Opening with the lead-off single “Silver Lining” the band displays polished production that rings with shiny guitar riffs and backing vocals from The Waters, a trio that bring to mind the classic R& B girl group sound so popular in the 60’s and ‘70’s. “Close Call” follows that lead but it is at this point that the lyrics diverge from the happy pop formula – “funny thing about money for sex, you might get rich but you die by it.” By the time you hit the 3rd track you’re into “Moneymaker” with its heavy blues/rock influence. I’ll bet you can guess as to the subject matter of the song. As we greet the 4th track “Breakin’ Up” we’re under the disco ball. “Dreamland” is a dead ringer for a Buckingham/Nicks number with its boy/girl harmonies and the layered classic rock guitar arrangement. A quick glance over the additional musician list reveals a couple of names that could have acted as consultants for these songs, namely Jackson Browne and Lenny Castro.
Jenny Lewis, on the heels of her solo release Rabbit Fur Coat, continues to expand her songwriting skills and hone her deceptively clever lyrics. On the surface the subject matter seems to glide by on a happy glow of oblivion but then a wickedly sharp line whips out of the sweet melody and leaves a little red welt of sarcasm on your psyche. Perhaps lines like “Men still lie in their coffins” or “My momma is an atheist, if I stay out late she don’t get pissed” are what inspired Elvis Costello – the king of pithy wit – to praise of the band’s songwriting.

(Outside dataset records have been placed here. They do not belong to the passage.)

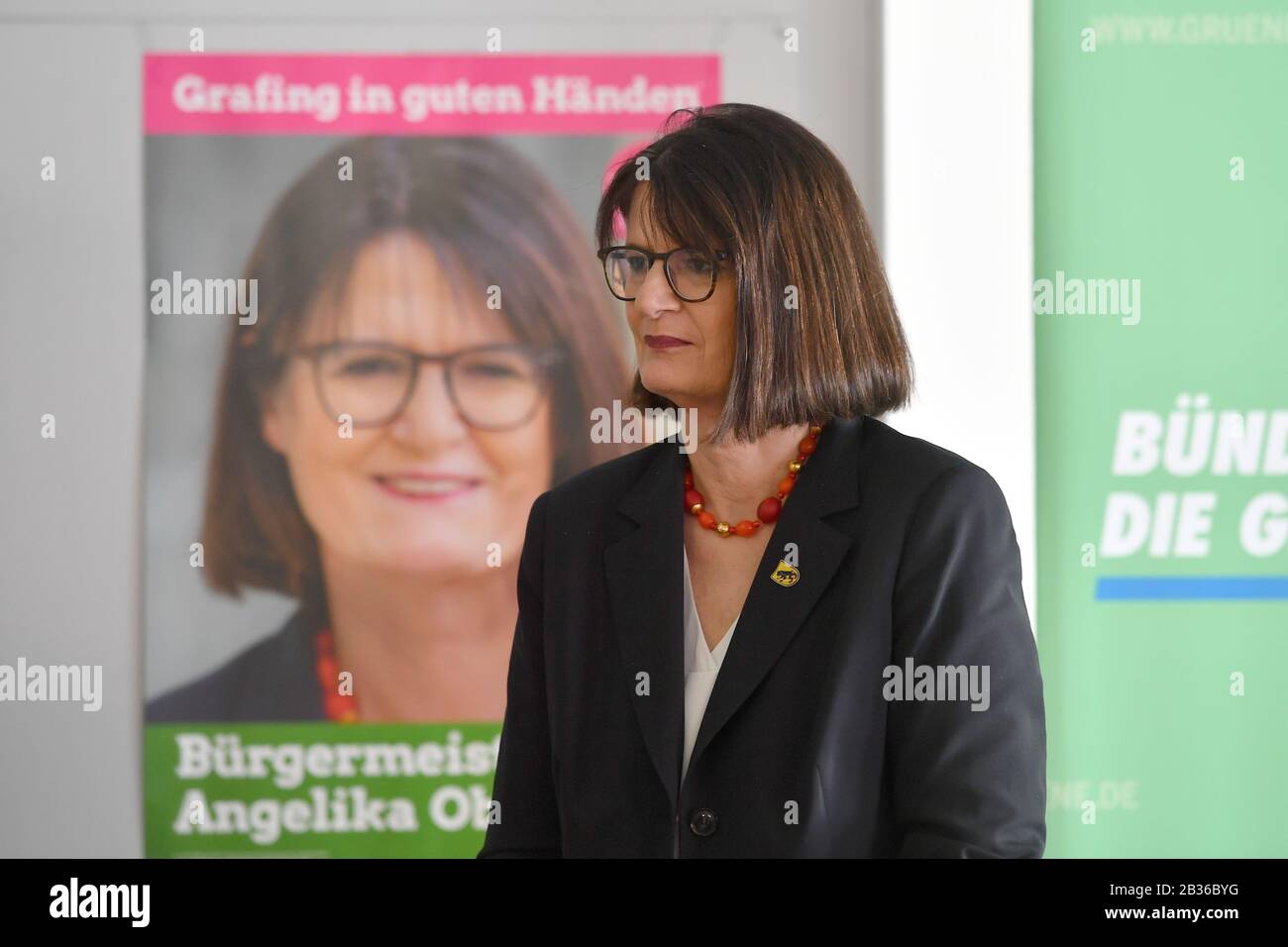 Angelika Obermayr (sindaco della città di Grafing, Buendnis90/Die Gruenen) è l'unico sindaco di Gruene in Baviera - qui in occasione di un evento elettorale a Grafing in occasione delle elezioni locali del 2020 in Baviera il 04.03.2020. Immagine singola, singolo motivo tagliato, mezza figura, mezza figura. ? Sven SIMON Fotoentur GmbH & Co. Press Photo KG Prinzess-Luise-Str. 45479 M uelheim/R uhr Tel 0208/9413250 Numero Fax 0208/9413260 N. GLS Bank N. BLZ 430 609 67 N. Kto. 4030 025 100 N. IBAN DE75 4306 0967 4030 0251 00 N. BIC GENODEM1GLS N. WWW.SVENSIMON.NET. | utilizzo in tutto il mondo Foto Stock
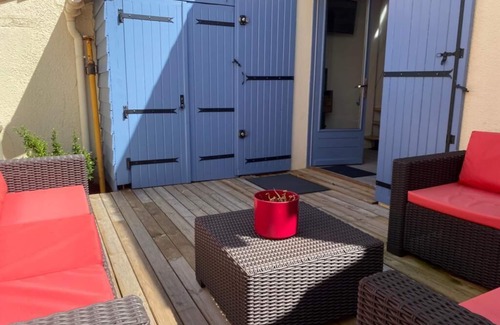Vaux-sur-Mer Casa | House with terrace, 200 m from Nauzan beach, walking distance to town center, 2*.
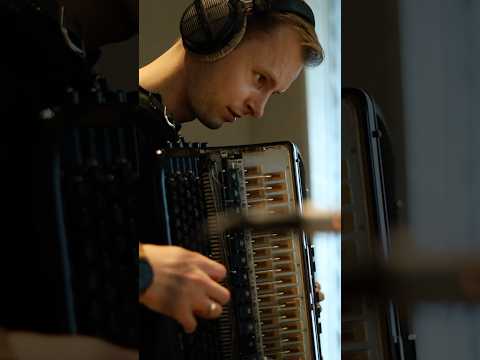 Arek Czernysz Quartet (accordion, trumpet, double bass, drums) - new jazz single out 11th July!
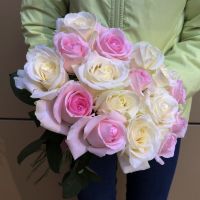 Белые и розовые розы 50 см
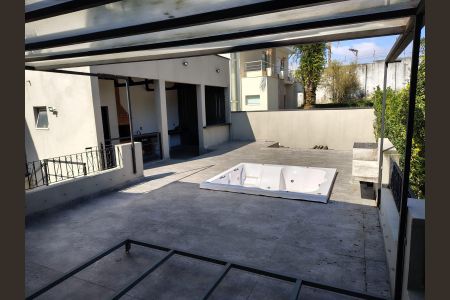 Casa de condomínio à venda com 338m², 3 quartos e 4 vagas Casa de condomínio à venda com 338m², 3 quartos e 4 vagasHidromassagem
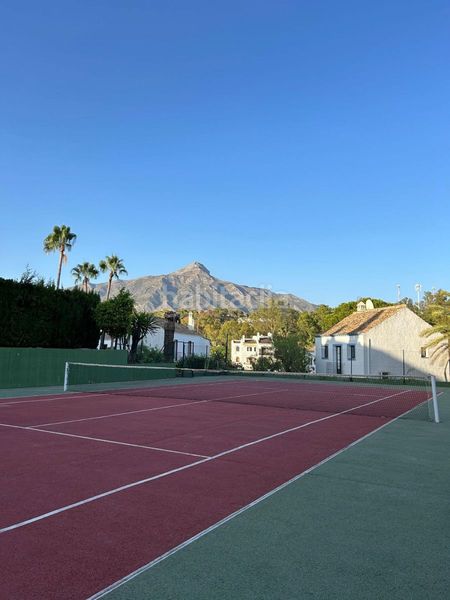Foto 1f8f391d-6f25-45f1-b56a-832e40e0337c. Casa amb piscina a Las Brisas Marbella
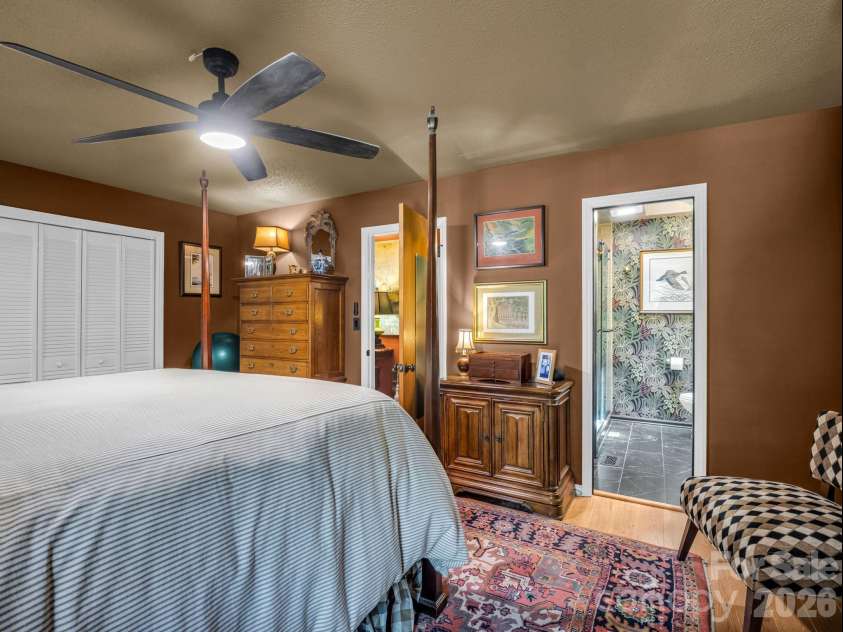 154 Fairlane Road, Columbus, NC 28722.  MLS# CAR4389133, YatesRealty ID 28280. 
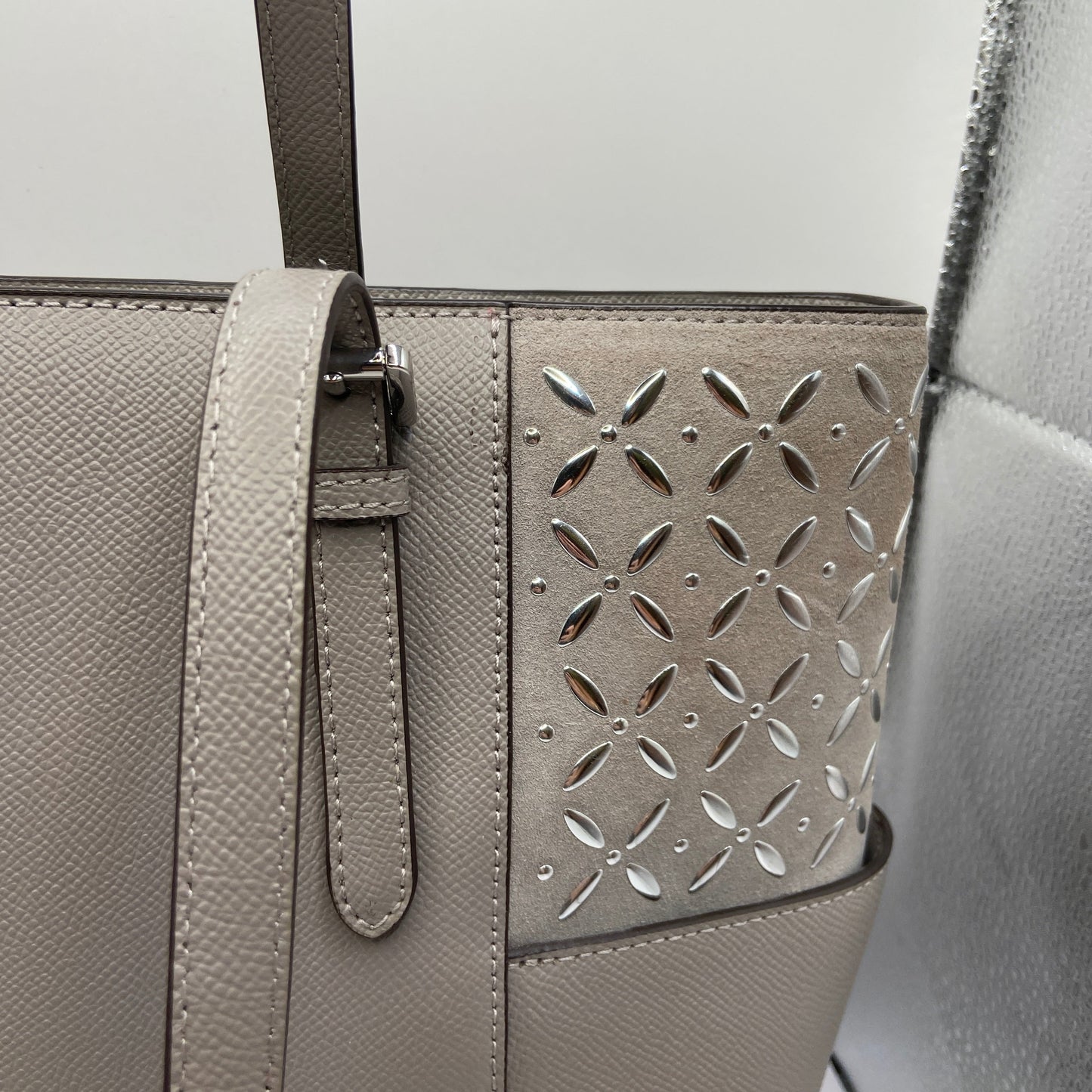 Handbag Designer By Michael By Michael Kors, Size: Large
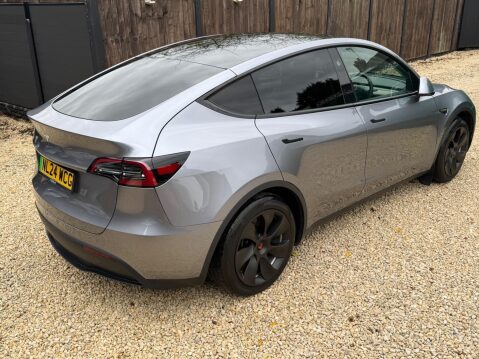 Tesla Model Y Auto RWD 5dr 19
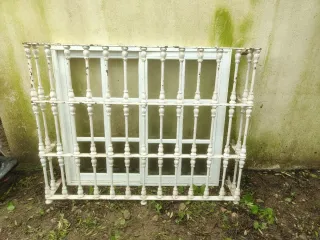 Reja de hierro blanca con ventana de aluminio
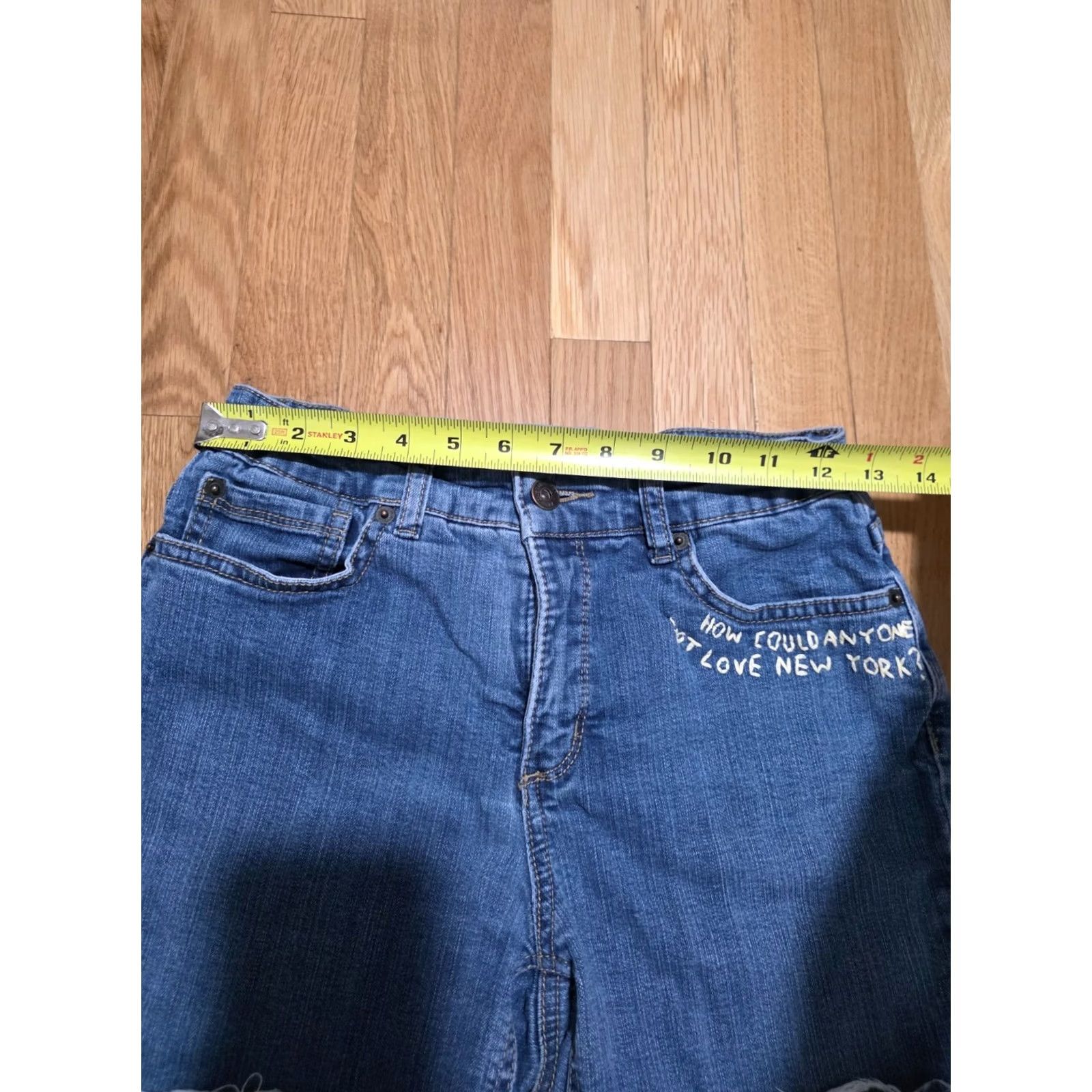 Jones New York Jones New York Cut-Off Shorts Women's 6 Blue Denim Cotton Mid Rise Stretch Casual 5-Pocket Button Front Womens Summer Winter Fall Spring USA Shirt? Size 28" / US 6 / IT 42 - 6 Thumbnail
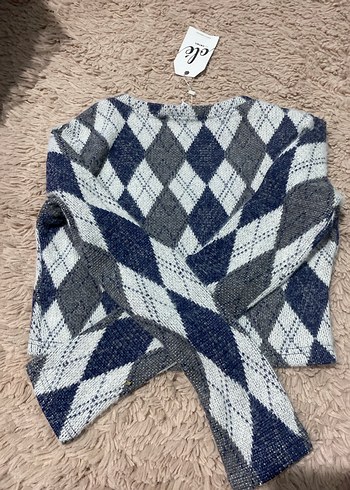 Gri V Yaka Uzun Kollu Kazak - Görsel 4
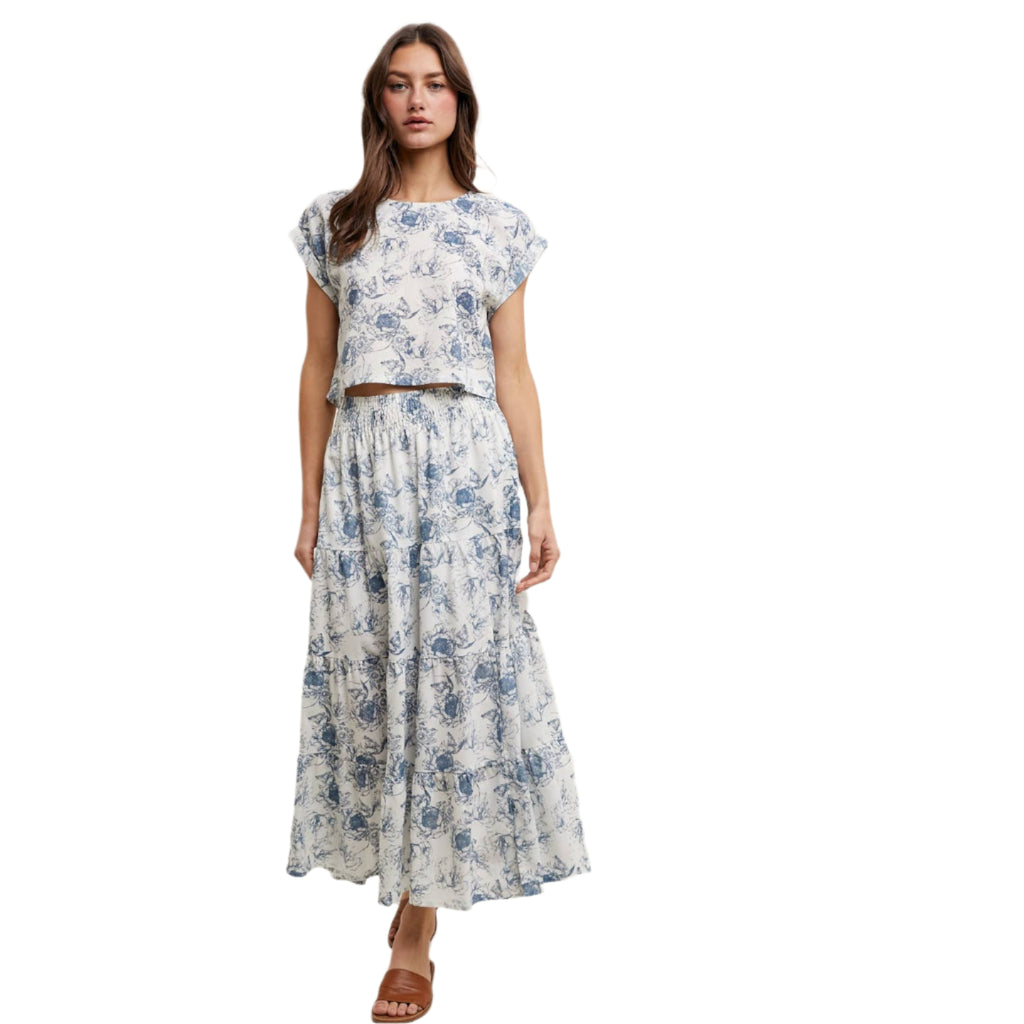 Get ready to rock that laid-back look with this Floral Relaxed Skirt! With its fun and playful florals. Made with a relaxed fit, it's both comfortable and stylish.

Blake Sennett, Pierre de Reeder and Jason Boesel are terrific musicians who graft their “indie-cred” onto an amalgamation of pop songs and assimilate with a troop of horn, organ and percussion players. However, Jenny Lewis is always going to grab the spotlight with her pretty-faced looks and sweet girl voice. Maybe that’s why it’s so fascinating to hear her twisted take on the underbelly of club life with it’s abundance of drugs, drink, and not-so-kosher sex. It’s probably worth noting that Under the Blacklight is Rilo Kiley’s major label debut and that may have influenced the band’s direction. But if you gotta make a pop record this is the way to do it.